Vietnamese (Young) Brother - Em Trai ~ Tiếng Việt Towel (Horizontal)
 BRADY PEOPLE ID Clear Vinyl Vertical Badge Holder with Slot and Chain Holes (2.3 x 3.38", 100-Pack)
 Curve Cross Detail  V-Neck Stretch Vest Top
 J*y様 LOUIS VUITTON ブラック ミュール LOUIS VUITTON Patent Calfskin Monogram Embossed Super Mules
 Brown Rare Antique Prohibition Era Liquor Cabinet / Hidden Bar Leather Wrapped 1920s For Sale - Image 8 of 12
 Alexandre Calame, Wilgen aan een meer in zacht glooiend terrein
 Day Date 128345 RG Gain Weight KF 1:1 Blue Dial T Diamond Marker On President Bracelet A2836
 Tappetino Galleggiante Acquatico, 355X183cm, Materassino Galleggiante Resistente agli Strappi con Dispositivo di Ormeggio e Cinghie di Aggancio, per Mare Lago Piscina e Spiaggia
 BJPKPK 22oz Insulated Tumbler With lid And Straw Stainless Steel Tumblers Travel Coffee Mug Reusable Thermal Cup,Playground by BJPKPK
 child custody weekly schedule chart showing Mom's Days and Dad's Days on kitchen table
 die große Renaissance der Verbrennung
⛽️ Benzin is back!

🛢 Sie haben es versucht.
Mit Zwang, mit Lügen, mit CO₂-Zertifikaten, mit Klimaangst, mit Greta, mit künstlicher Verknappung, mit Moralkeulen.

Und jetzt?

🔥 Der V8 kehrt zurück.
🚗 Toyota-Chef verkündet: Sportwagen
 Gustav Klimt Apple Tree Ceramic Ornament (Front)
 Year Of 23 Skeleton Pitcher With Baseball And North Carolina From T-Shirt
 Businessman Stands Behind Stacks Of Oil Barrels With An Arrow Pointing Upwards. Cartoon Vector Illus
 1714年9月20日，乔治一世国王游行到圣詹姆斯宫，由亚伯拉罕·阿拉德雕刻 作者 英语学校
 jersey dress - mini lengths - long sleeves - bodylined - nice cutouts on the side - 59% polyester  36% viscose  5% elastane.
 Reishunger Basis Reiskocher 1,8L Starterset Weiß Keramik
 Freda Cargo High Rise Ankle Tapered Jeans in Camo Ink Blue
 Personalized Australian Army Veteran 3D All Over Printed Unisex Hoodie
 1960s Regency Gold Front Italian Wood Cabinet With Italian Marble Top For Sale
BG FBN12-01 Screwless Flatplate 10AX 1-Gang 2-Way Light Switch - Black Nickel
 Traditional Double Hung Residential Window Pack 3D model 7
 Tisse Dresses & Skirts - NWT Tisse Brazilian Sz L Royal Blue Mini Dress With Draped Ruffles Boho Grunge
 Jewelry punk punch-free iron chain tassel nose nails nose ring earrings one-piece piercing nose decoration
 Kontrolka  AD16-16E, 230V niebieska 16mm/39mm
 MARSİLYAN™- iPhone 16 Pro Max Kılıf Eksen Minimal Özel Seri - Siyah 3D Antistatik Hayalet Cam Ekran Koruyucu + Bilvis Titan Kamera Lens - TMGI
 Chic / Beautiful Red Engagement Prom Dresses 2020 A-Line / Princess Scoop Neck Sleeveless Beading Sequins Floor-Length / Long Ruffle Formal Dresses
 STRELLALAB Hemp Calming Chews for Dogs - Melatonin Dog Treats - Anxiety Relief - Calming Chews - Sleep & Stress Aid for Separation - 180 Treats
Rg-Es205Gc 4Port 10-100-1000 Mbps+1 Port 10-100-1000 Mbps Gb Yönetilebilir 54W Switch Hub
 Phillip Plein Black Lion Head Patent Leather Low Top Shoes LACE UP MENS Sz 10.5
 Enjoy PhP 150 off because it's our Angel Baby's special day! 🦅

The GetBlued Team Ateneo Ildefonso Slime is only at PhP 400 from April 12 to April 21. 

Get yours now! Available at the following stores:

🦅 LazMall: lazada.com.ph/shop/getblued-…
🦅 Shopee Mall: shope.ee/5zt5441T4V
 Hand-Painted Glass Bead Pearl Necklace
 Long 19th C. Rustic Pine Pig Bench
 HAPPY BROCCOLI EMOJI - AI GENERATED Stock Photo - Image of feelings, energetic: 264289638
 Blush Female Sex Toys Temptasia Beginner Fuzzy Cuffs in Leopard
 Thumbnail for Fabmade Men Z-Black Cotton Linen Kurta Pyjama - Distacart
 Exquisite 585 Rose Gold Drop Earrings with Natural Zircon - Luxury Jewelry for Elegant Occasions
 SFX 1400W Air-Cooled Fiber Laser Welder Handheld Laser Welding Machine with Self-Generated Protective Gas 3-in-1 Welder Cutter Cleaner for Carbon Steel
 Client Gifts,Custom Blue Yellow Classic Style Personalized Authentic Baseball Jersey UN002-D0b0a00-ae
####################
## [How to complete this task]
Scan the material line by line and report each one that contains "Dresses".

## [Reply]
 Tisse Dresses & Skirts - NWT Tisse Brazilian Sz L Royal Blue Mini Dress With Draped Ruffles Boho Grunge
 Chic / Beautiful Red Engagement Prom Dresses 2020 A-Line / Princess Scoop Neck Sleeveless Beading Sequins Floor-Length / Long Ruffle Formal Dresses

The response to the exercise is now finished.